Freedom Summer - Bruce W. Watson [138]
At 10:00 p.m., the buses pulled out with a great cheer that broke into Freedom Songs. Instructions had been left in the COFO office—a delegate would call once the buses were safely out of Mississippi. Calculating the distance over winding roads, leaders said the call would come by 3:00 a.m. If no one checked in by 3:15, “begin action.” Singing, shouting out, marveling at the Promised Land where they were bound, delegates rolled north toward the Tennessee line. The call came at 3:02 a.m. The Freedom Democrats were on their way.

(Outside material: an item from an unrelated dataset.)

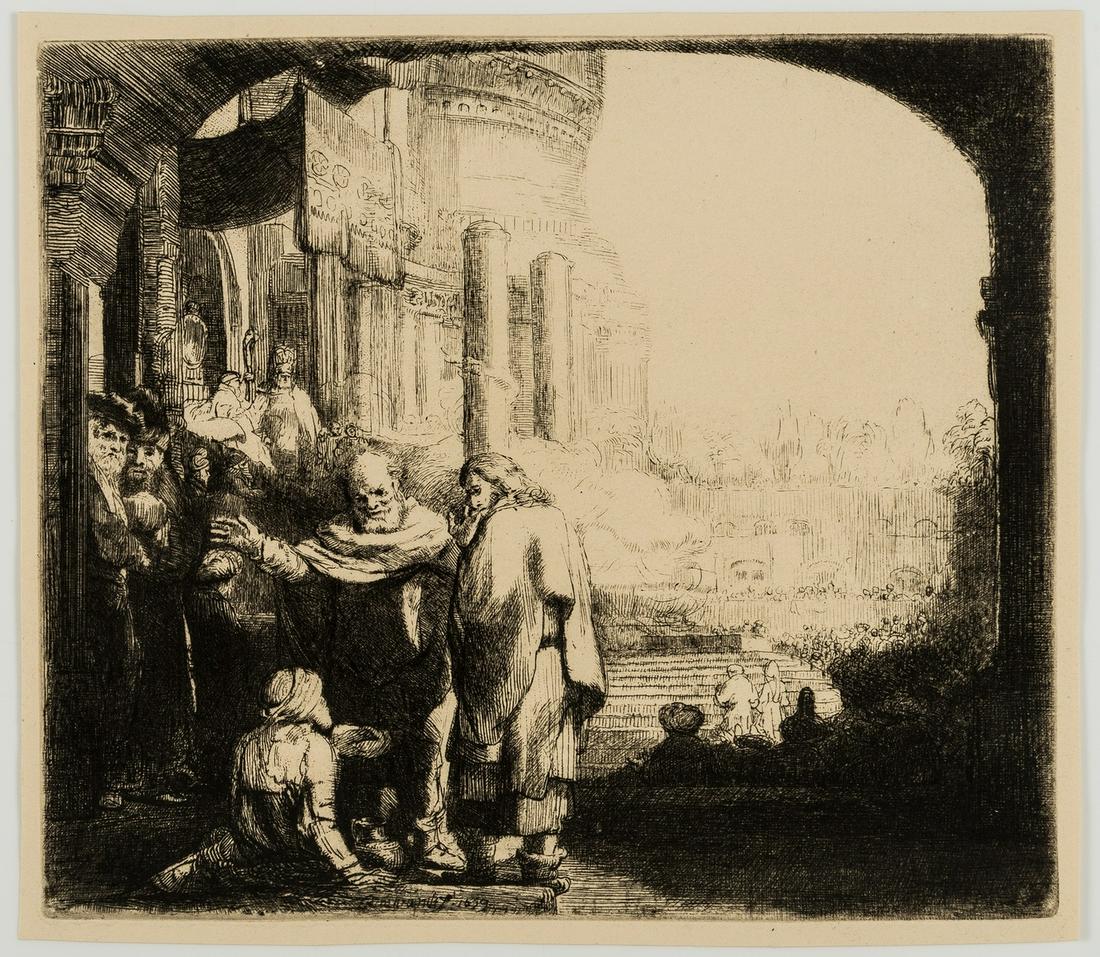 Rembrandt van Rijn (1606-1669)  Peter and John Healing the Cripple at the Gate of the Temple (1 of 2)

If you ask what my politics are, I am a Humanitarian.
—Tennessee Williams
CHAPTER TEN
“The Stuff Democracy Is Made Of ”
All 5,200 delegates descending on the faded resort of Atlantic City at the end of Freedom Summer were Democrats, and all were in a mood to celebrate. With Lyndon Johnson heavily favored to win in November, they looked forward to a political convention without politics. In lieu of debate, there would be parties, dinners, and perhaps a little hijinks. For one rollicking week, democracy would become a showcase. But for sixty-seven Mississippians stepping off buses, blinking in the morning sun, inhaling the salty air, democracy was no showcase; it was a matter of life and death.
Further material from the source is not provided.